__Exercise directions__:
Transcribe every line below exactly; no image goes into the output.

__Data for this task__:

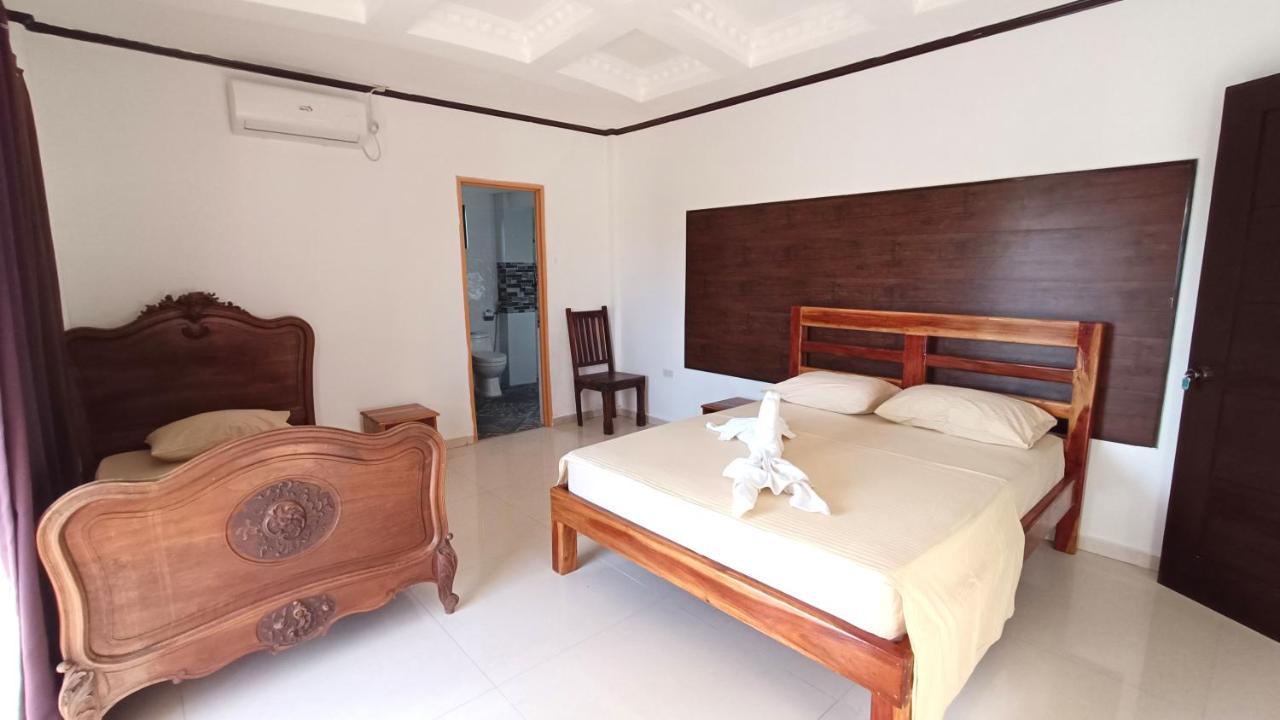 Verano Guesthouse 塔比拉兰 外观 照片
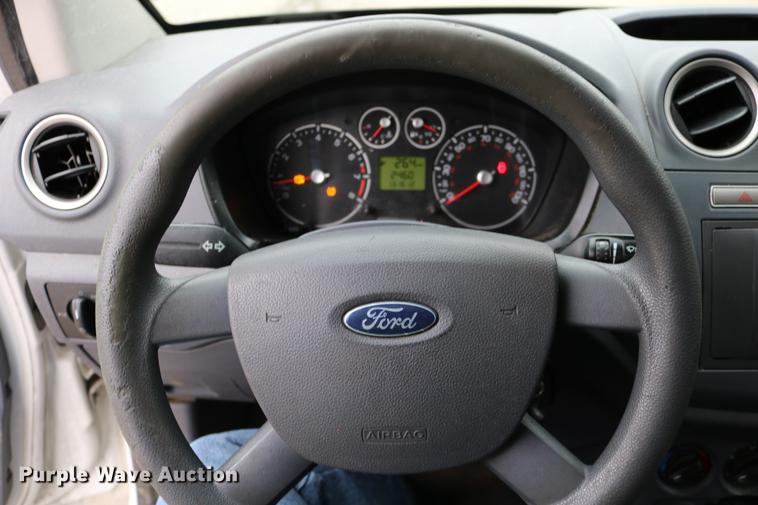 image for item DC3668 2010 Ford Transit Connect van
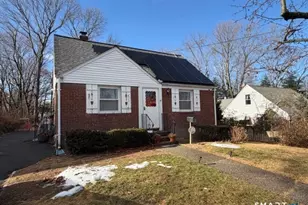 36 Rolfe St, Hamden, CT 06517 - Photo 1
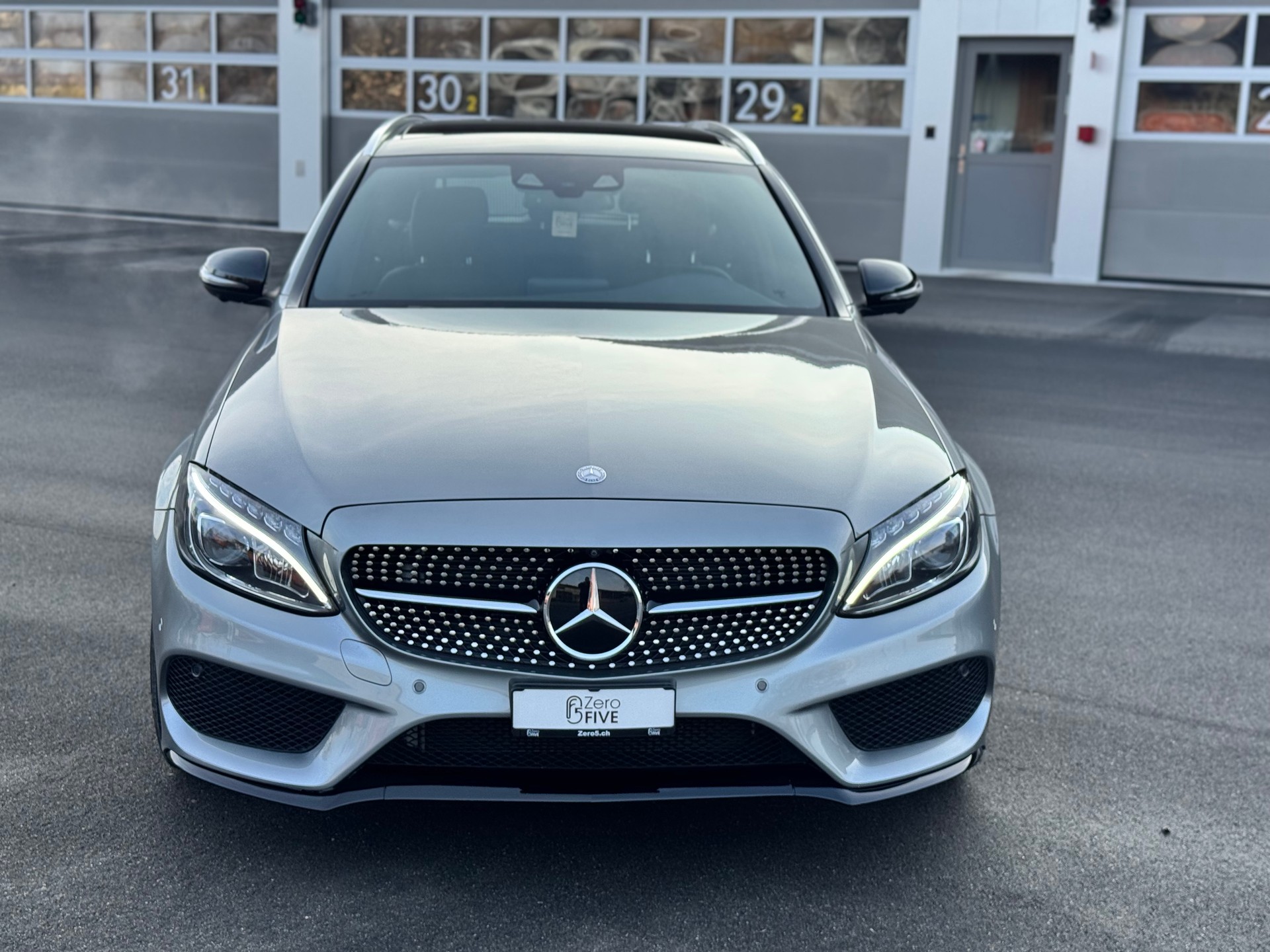 MERCEDES-BENZ C 450 AMG 4Matic 7G-Tronic-showroom-element-1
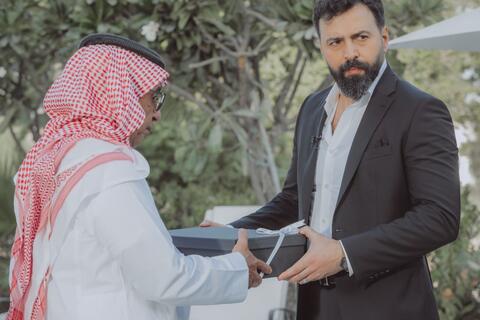 أنجين أكيوريك يسرق 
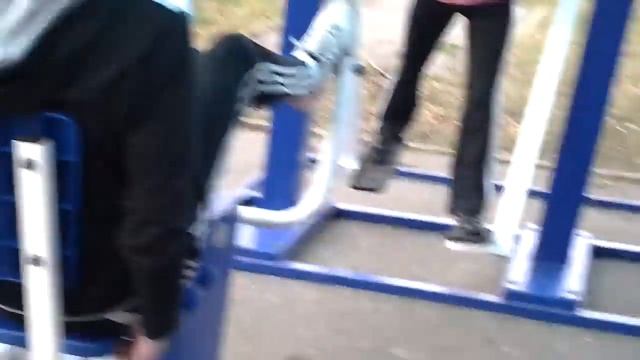 Урок физкультуры на тренажерной площадке в 76 школе смотреть онлайн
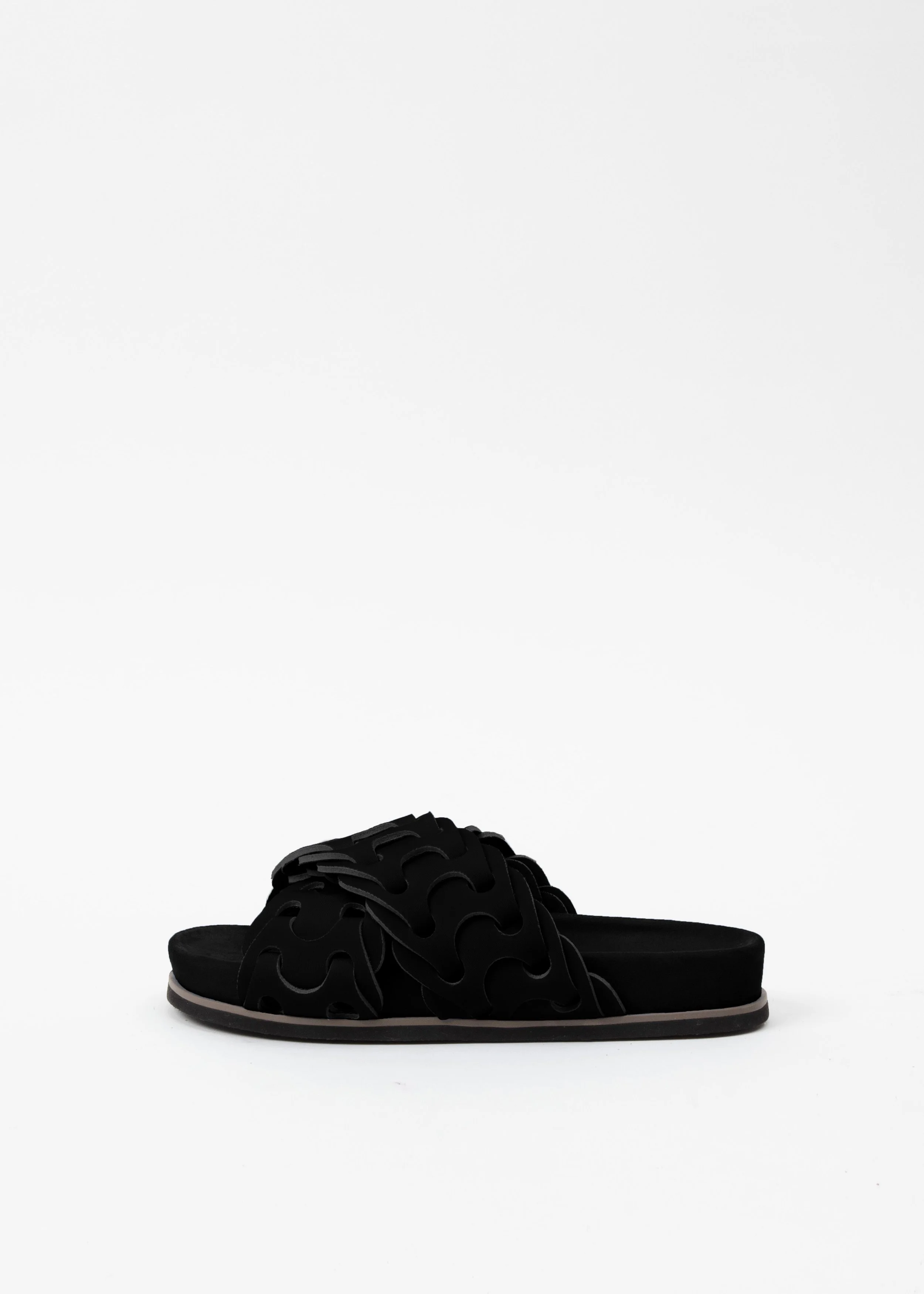 RB_FTW_0393_ALL_BLACK.jpg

__Completed task__:
 Verano Guesthouse 塔比拉兰 外观 照片
 image for item DC3668 2010 Ford Transit Connect van
 36 Rolfe St, Hamden, CT 06517 - Photo 1
 MERCEDES-BENZ C 450 AMG 4Matic 7G-Tronic-showroom-element-1
 أنجين أكيوريك يسرق 
 Урок физкультуры на тренажерной площадке в 76 школе смотреть онлайн
 RB_FTW_0393_ALL_BLACK.jpg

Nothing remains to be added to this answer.